(GIVEN DATA)
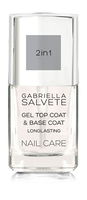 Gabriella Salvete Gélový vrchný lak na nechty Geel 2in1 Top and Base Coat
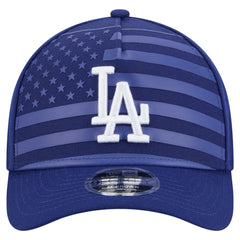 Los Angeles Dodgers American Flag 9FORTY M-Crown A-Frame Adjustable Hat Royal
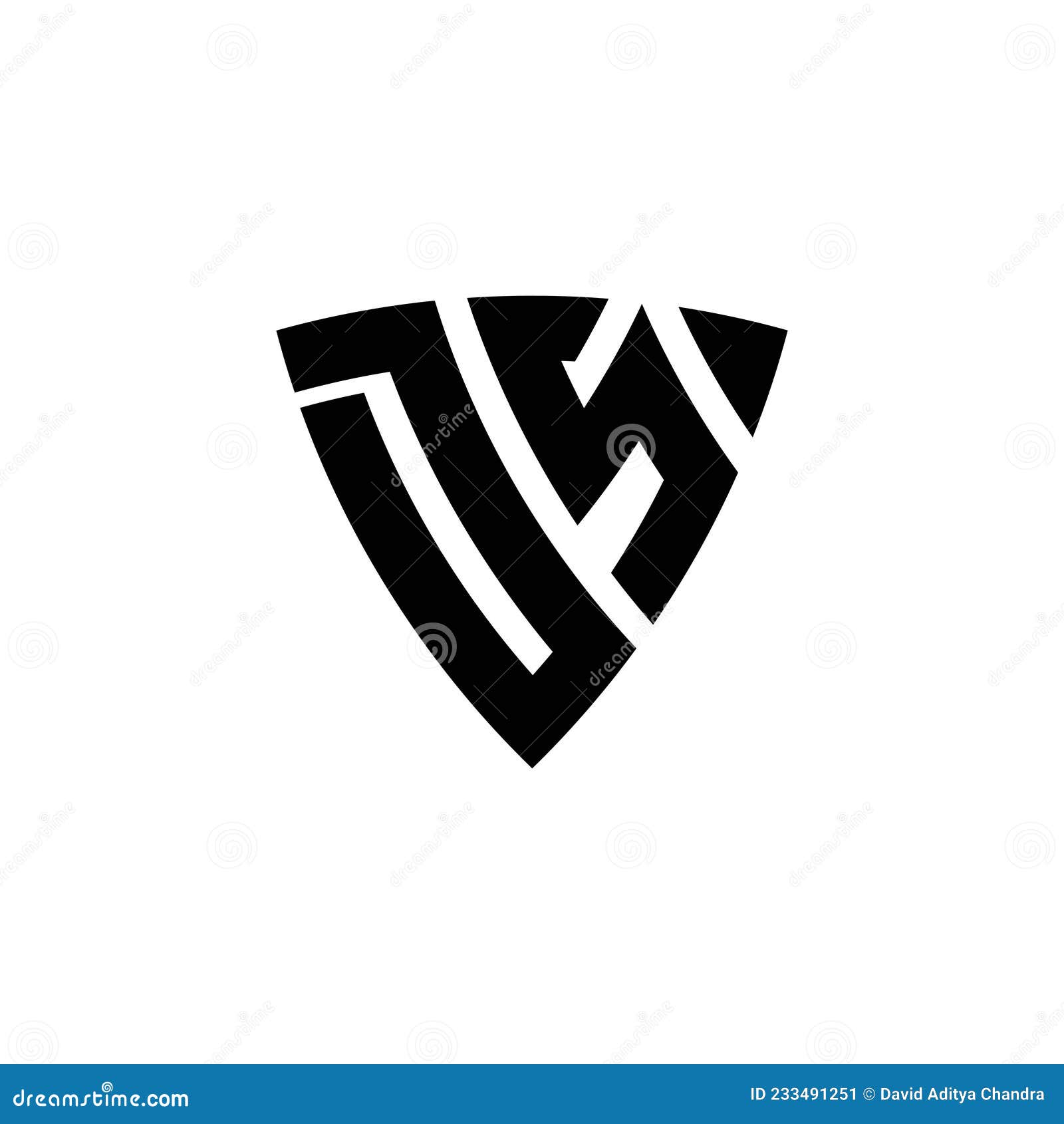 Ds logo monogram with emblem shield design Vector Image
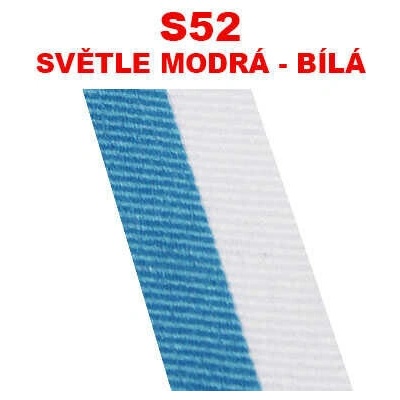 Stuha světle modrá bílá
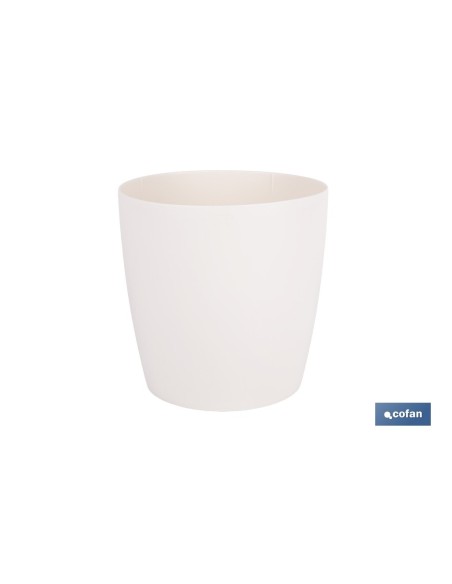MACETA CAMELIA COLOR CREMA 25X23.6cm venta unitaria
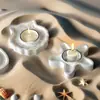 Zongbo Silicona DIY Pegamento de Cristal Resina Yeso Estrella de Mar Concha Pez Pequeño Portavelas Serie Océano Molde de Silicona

(WORK ORDER)
Output the records above verbatim. Pictures stay out.

(EXERCISE ANSWER)
 Gabriella Salvete Gélový vrchný lak na nechty Geel 2in1 Top and Base Coat
 Los Angeles Dodgers American Flag 9FORTY M-Crown A-Frame Adjustable Hat Royal
 Ds logo monogram with emblem shield design Vector Image
 Stuha světle modrá bílá
MACETA CAMELIA COLOR CREMA 25X23.6cm venta unitaria
 Zongbo Silicona DIY Pegamento de Cristal Resina Yeso Estrella de Mar Concha Pez Pequeño Portavelas Serie Océano Molde de Silicona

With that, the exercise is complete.